(MATERIAL TO PROCESS begins)

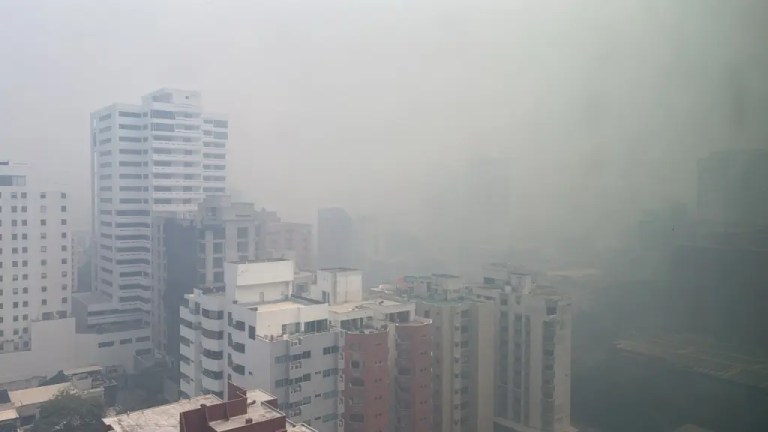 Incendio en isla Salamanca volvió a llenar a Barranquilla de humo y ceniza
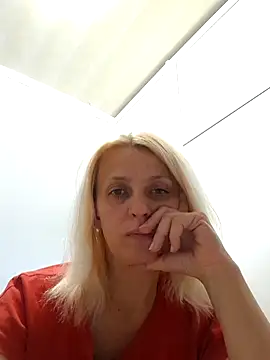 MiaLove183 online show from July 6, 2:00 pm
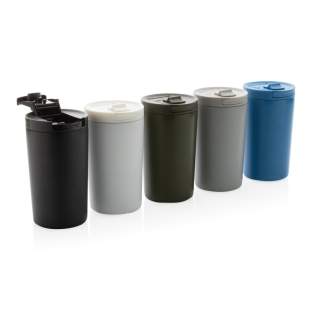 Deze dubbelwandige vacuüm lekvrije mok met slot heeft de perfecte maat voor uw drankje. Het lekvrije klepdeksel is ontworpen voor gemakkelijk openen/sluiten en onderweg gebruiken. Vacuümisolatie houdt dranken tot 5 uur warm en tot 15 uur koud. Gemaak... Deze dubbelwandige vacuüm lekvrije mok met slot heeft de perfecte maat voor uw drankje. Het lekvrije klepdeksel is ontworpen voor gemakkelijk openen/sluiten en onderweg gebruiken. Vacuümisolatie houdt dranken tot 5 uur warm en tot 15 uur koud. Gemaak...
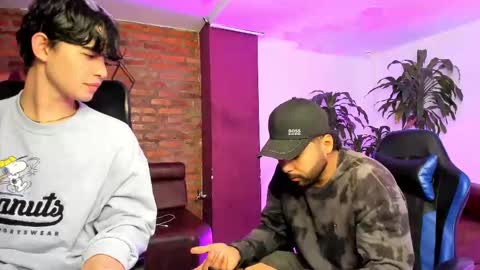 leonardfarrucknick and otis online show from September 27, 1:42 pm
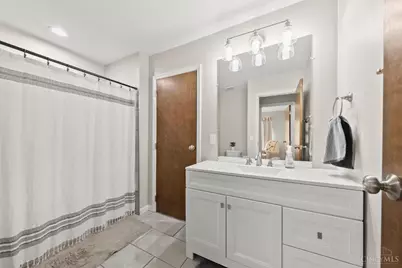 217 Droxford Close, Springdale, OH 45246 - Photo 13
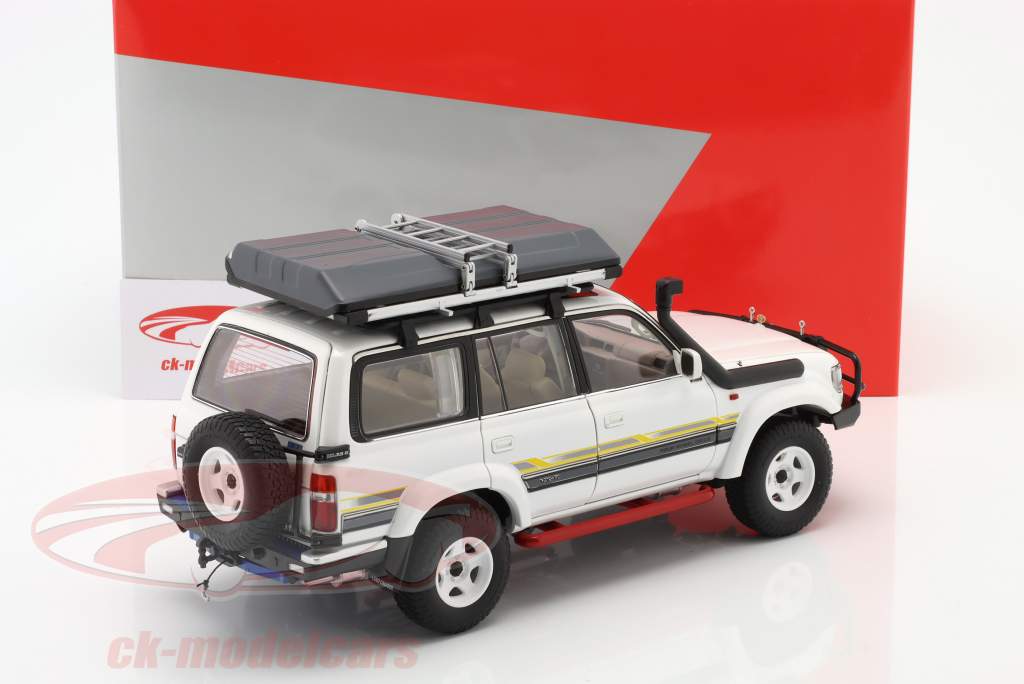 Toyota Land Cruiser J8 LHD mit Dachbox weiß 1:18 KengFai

(MATERIAL TO PROCESS ends)
(MATERIAL TO PROCESS begins)

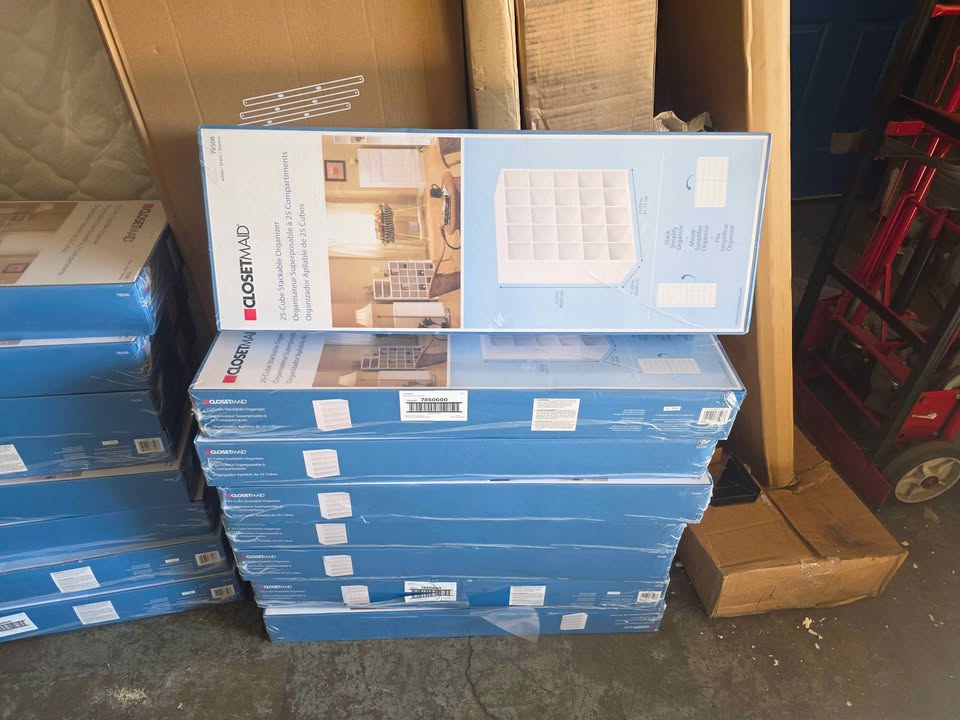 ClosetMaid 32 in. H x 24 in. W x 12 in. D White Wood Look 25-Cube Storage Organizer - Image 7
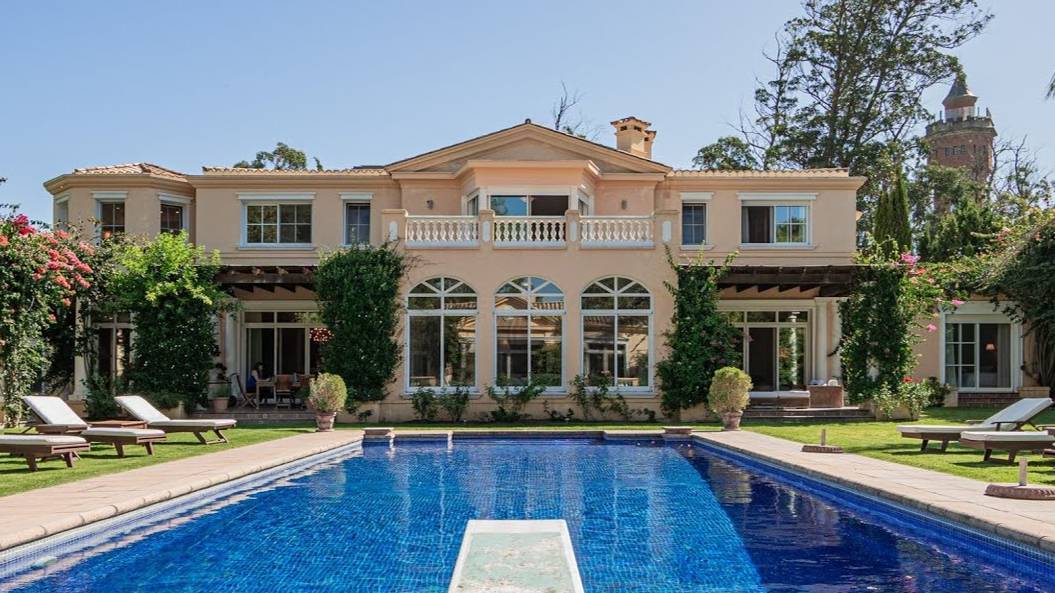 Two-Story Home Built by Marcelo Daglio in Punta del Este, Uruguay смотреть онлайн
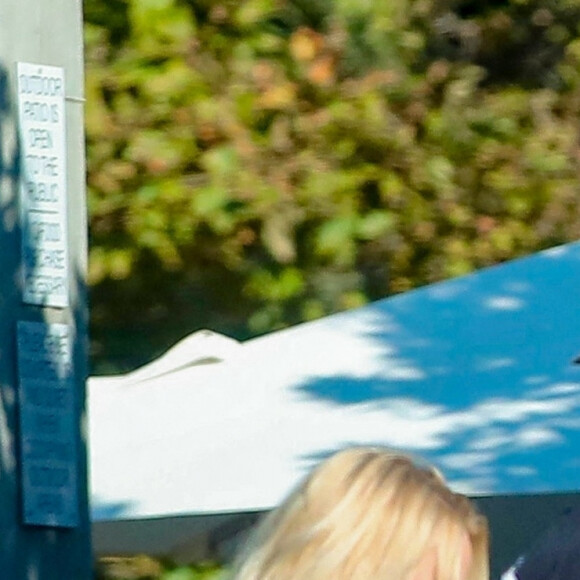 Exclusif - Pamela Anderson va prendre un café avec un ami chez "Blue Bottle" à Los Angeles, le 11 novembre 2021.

(MATERIAL TO PROCESS ends)

TASK TO COMPLETE
In the listing above, find the line containing "koud. Gemaak... Deze". Output it and every line after it up to and including the line containing "Toyota Land Cruiser", exactly, but skip the pictures.

TASK RESPONSE
 Deze dubbelwandige vacuüm lekvrije mok met slot heeft de perfecte maat voor uw drankje. Het lekvrije klepdeksel is ontworpen voor gemakkelijk openen/sluiten en onderweg gebruiken. Vacuümisolatie houdt dranken tot 5 uur warm en tot 15 uur koud. Gemaak... Deze dubbelwandige vacuüm lekvrije mok met slot heeft de perfecte maat voor uw drankje. Het lekvrije klepdeksel is ontworpen voor gemakkelijk openen/sluiten en onderweg gebruiken. Vacuümisolatie houdt dranken tot 5 uur warm en tot 15 uur koud. Gemaak...
 leonardfarrucknick and otis online show from September 27, 1:42 pm
 217 Droxford Close, Springdale, OH 45246 - Photo 13
 Toyota Land Cruiser J8 LHD mit Dachbox weiß 1:18 KengFai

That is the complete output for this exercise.